What you’d get is called ‘chain fire’, and it boils down to a spray of metal shooting forward out of the chambers. This happened from time to time with revolver pistols as well. The difference was, with a pistol your hand is behind the chambers. It would piss you off, but you could just drop the gun and grab your throwing stars (or whatever) and carry on. With a rifle, your left hand would be steadying the barrel, and would be right in the line of fire for that stray metal.

After the Civil War, a group of officials met and decided to retire the rifle from duty. The weapons were sold off for 42 cents a rifle, a bit of a discount from the 44 dollars they had paid to Colt.

I think it’s a shame this trend never passed on to other weapons. A six-shooter bazooka for example would have made for some great WWII photo opportunities.

Or maybe it already exists. What do I know?

I suppose Colt should get credit for trying. The company didn’t invent the revolver, but their design improvements were numerous, and without them the entire genre of Western films could be filled with shotguns and muskets. Clint Eastwood’s unnamed grizzled hero in those Sergio Leone films would have looked a lot less bad-ass holding a musket.

It was the Colt Patterson that really sealed them as America’s official gun gurus. This was a single-action gun, which meant that the trigger was only there to finish the job of shooting. In those movies, when the bad guy is holding a gun, then makes a threat and then pulls back the hammer to look threatening… well, back in the Patterson days, if that hammer wasn’t already back, the hero would know he had a chance to escape.

The clear indicator that was still more comeuppance speech on the way.

So the act of looking awesome while you blast multiple rounds into someone wasn’t easy – no doubt turning the gun sideways ‘gangsta-style’ was right out of the question because of the whole gunpowder-falling-out thing. But you could do that super-cool Old West move of slapping the hammer of your pistol between each shot.

The Patterson was, no doubt, responsible for a death or two because of its design, just like the revolver rifle. First of all, you had no safety, apart from the two-step process to fire the weapon. Secondly, the act of reloading the pistol required a technical degree from DeVry, minimum. You had to partially disassemble the gun, then fill each chamber with powder and a metal ball, then put the whole thing back together if you wanted another six shots. Really, if you ran out of ammo, you’d have a better chance at just throwing the nearest horseshoe at the guy.

Hopefully it’s a pointy one.

Around the time of the Civil War, Colt started manufacturing other things: sewing machines, watches, typewriters and bicycles. They were waiting for the patent on the metallic cartridge revolver to expire so they didn’t have pay their rivals, Smith & Wesson, to build them. They had to build something.

By World War I, the company’s guns were so much in demand, the backlog to complete an order was three years. The stock market crash hit them hard, as many of their clients who had lost everything were using their products to end their lives, thus cancelling out any repeat business.

In the 1930s the company went on strike.

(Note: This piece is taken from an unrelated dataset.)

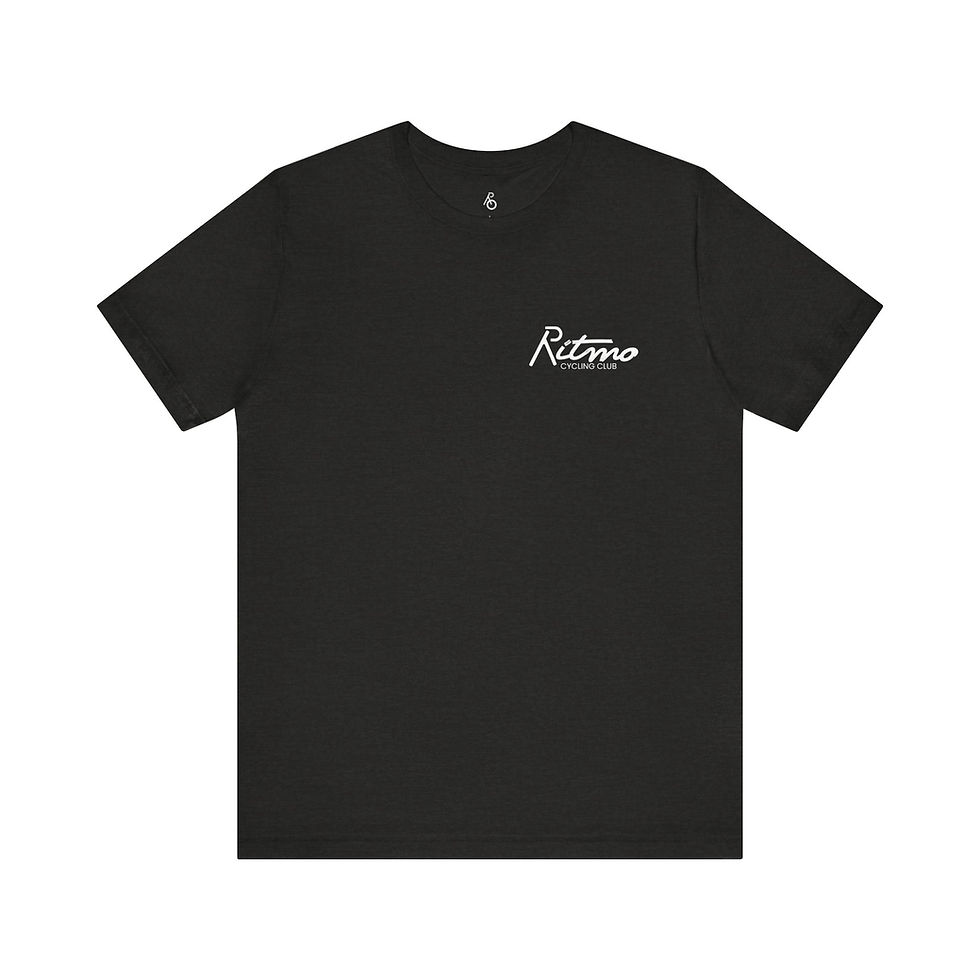 Thumbnail: Unisex Jersey Short Sleeve Tee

Things got ugly, and the strikers became violent. The company set up a barracks for the workers in the Colt Armory, which begs the question: if your workers are that pissed off and most likely able to gain easy access to your product (a gun), shouldn’t you maybe listen to them? Colt didn’t think so – even a bomb detonated in front of the company president’s house didn’t sway them. The government ruled that Colt didn’t have to deal with the union, and the strike ended.

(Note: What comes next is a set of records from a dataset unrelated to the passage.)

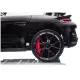 Juodas elektrinis automobilis DK-P911 Porsche GT3 Elektrinės mašinėlės vaikams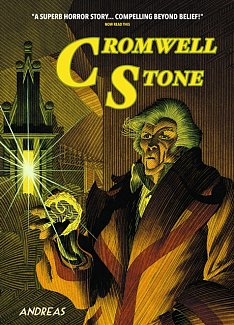 Cromwell Stone (Hardcover)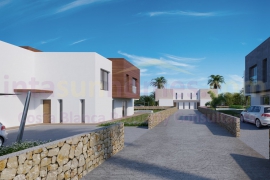 New build - Villa - Moraira - Moravit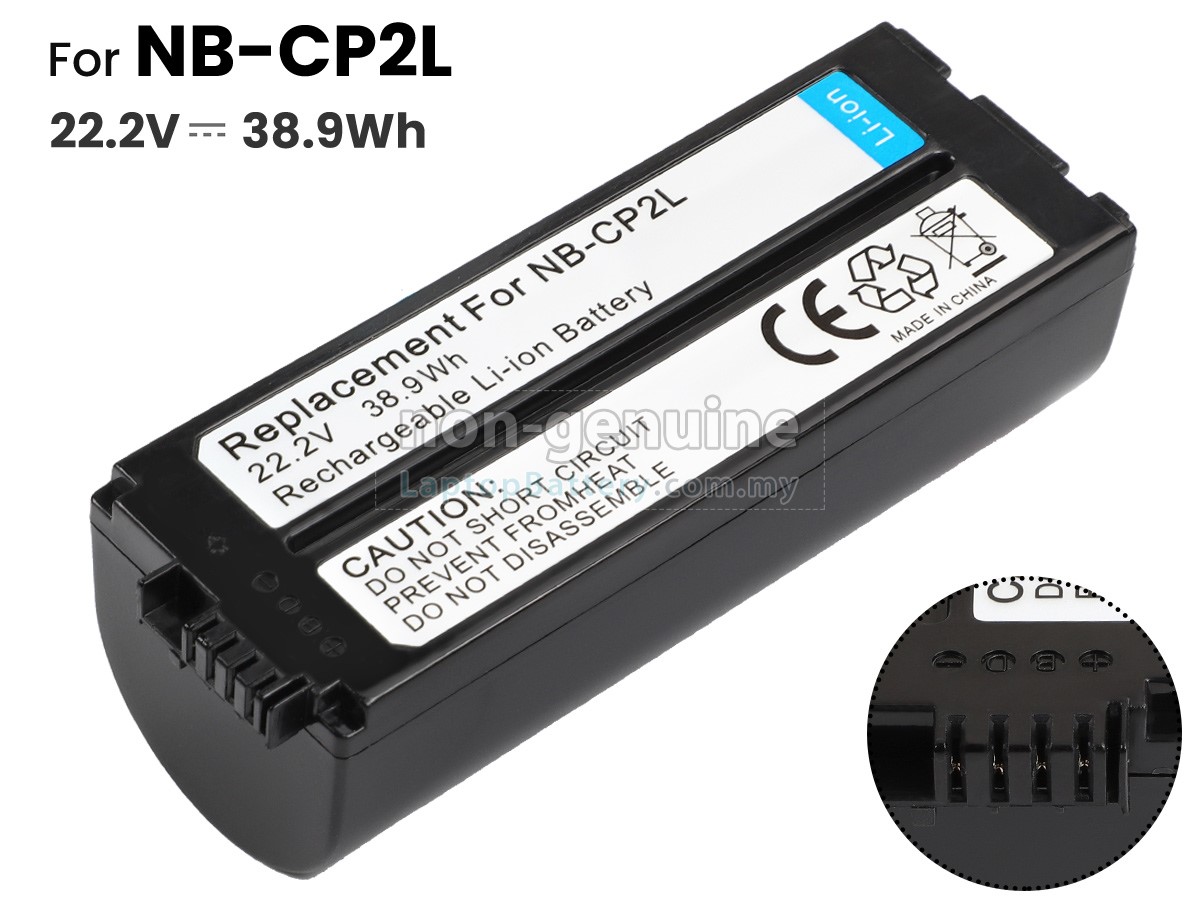 canon cp1300 battery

As far as striking workers go, this was some damn fine sign penmanship.

Colt is a company that will always make money when the world is unstable. The 60s were great for them; they owned the patent on the M-16, and foreign policy in Vietnam ensured that business would be booming.

My only wish for this article would be to have found more blunders on behalf of Colt. The revolver rifle was an interesting quirk, but it looks like if you’re on the hunt for something to kill someone with, Colt’s record is pretty damn good. Stick that in your pipe and shoot it until your pipe is dead.